-- Information follows --

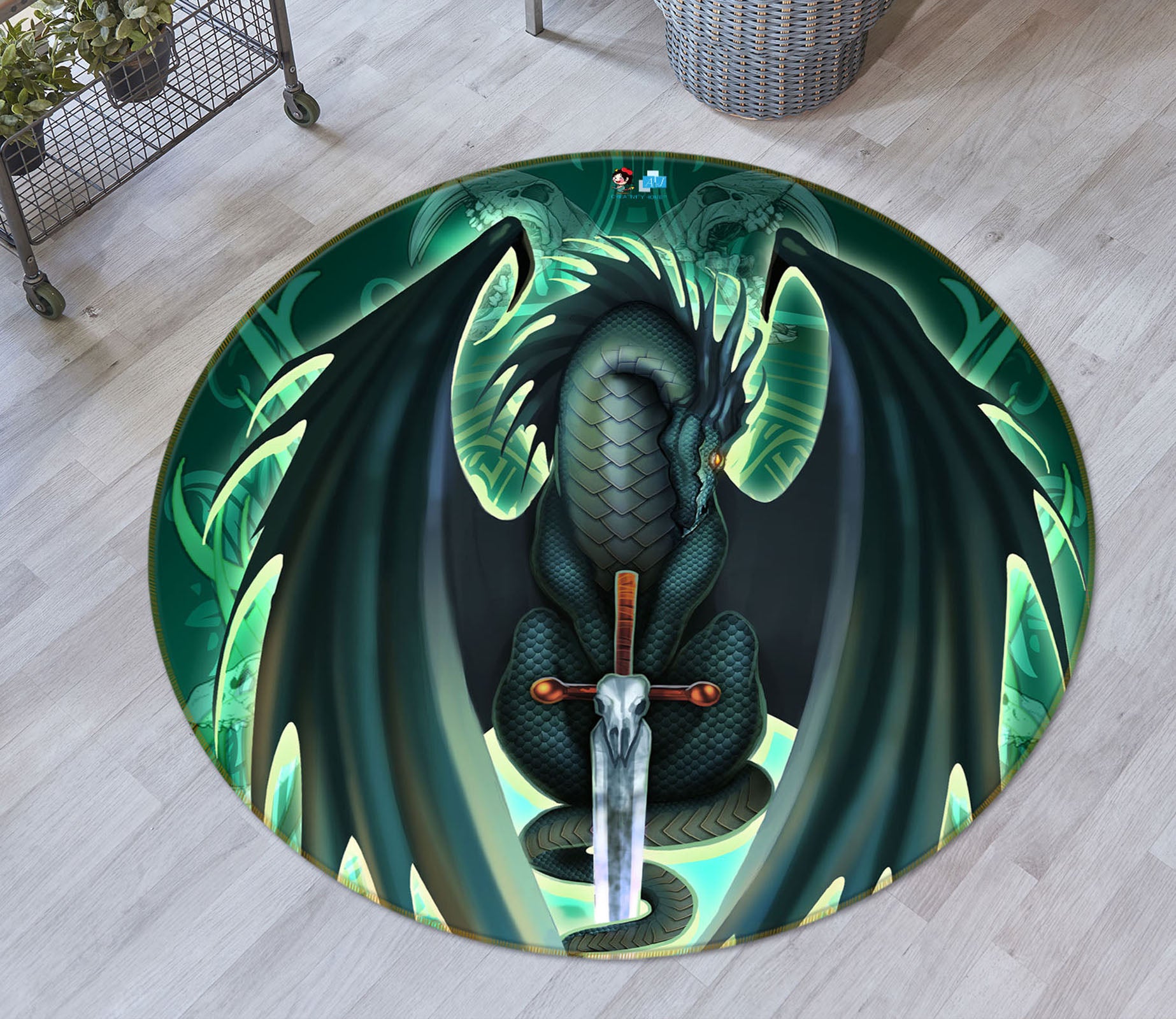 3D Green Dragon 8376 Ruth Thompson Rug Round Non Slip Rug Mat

-- Information concluded --
-- Information follows --

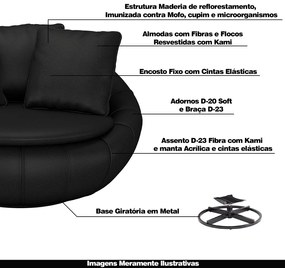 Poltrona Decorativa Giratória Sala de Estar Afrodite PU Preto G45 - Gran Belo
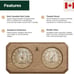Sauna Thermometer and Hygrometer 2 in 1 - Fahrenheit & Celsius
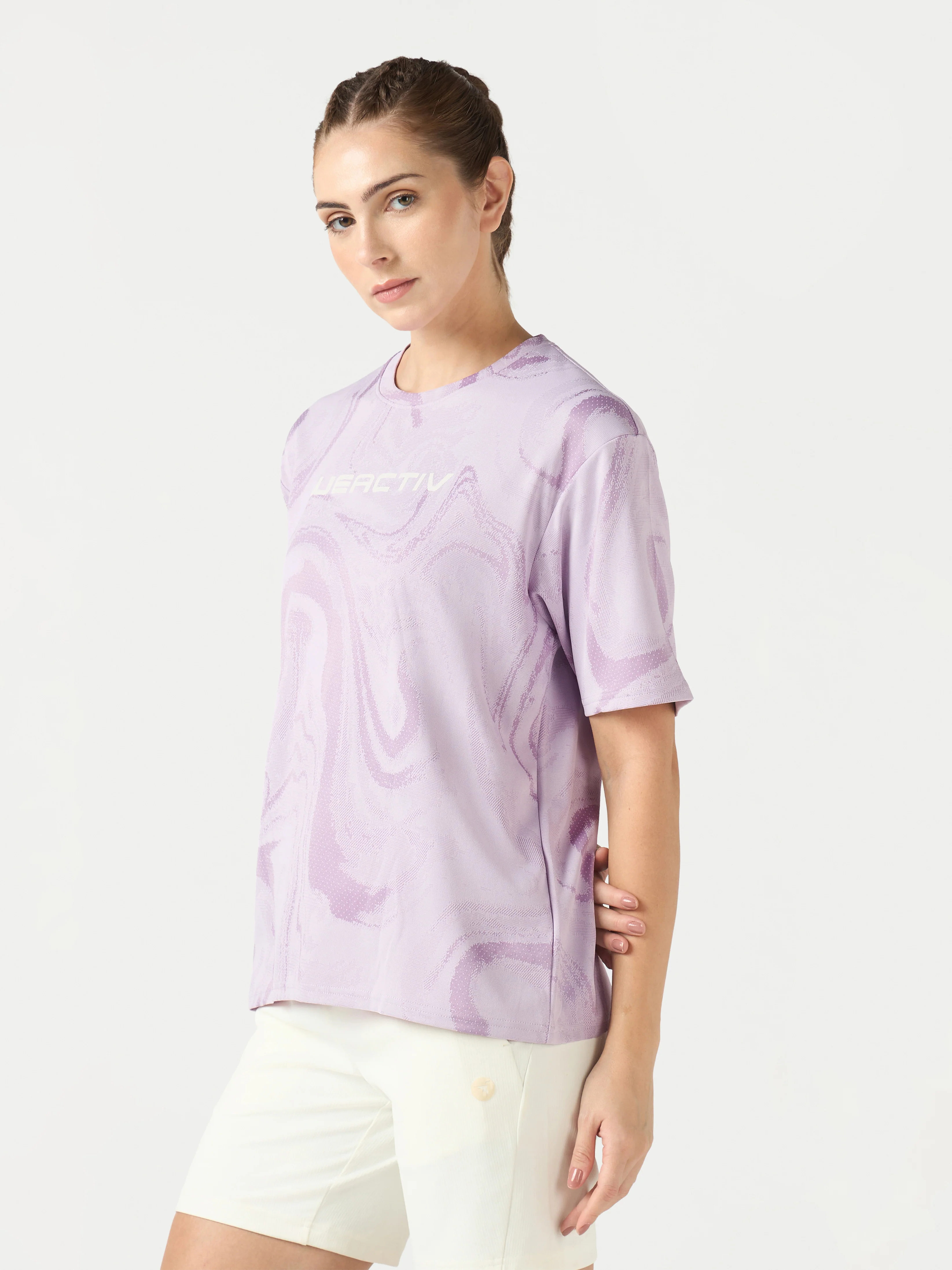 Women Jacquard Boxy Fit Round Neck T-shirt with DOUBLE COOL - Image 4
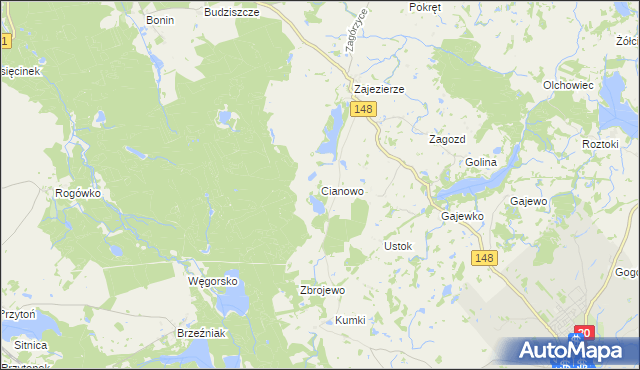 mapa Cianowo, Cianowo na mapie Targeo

-- Information concluded --
-- Information follows --

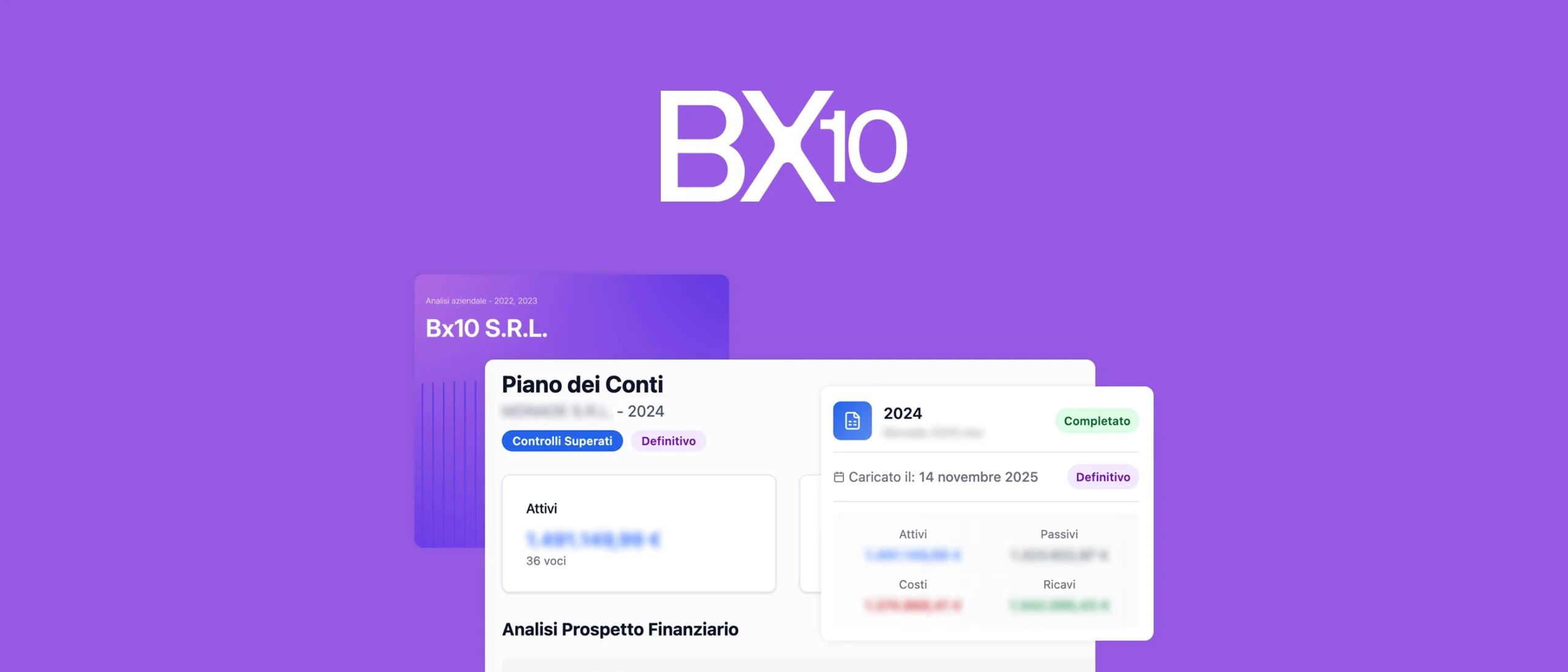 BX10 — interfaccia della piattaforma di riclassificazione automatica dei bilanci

-- Information concluded --

**What needs to be done:** Exactly as written above, retype the lines starting at the one holding "Women Jacquard Boxy" and ending at the one holding "mapa Cianowo, Cianowo na mapie Targeo", both included, but not the pictures.

**Result of this task:**
 Women Jacquard Boxy Fit Round Neck T-shirt with DOUBLE COOL - Image 4
 mapa Cianowo, Cianowo na mapie Targeo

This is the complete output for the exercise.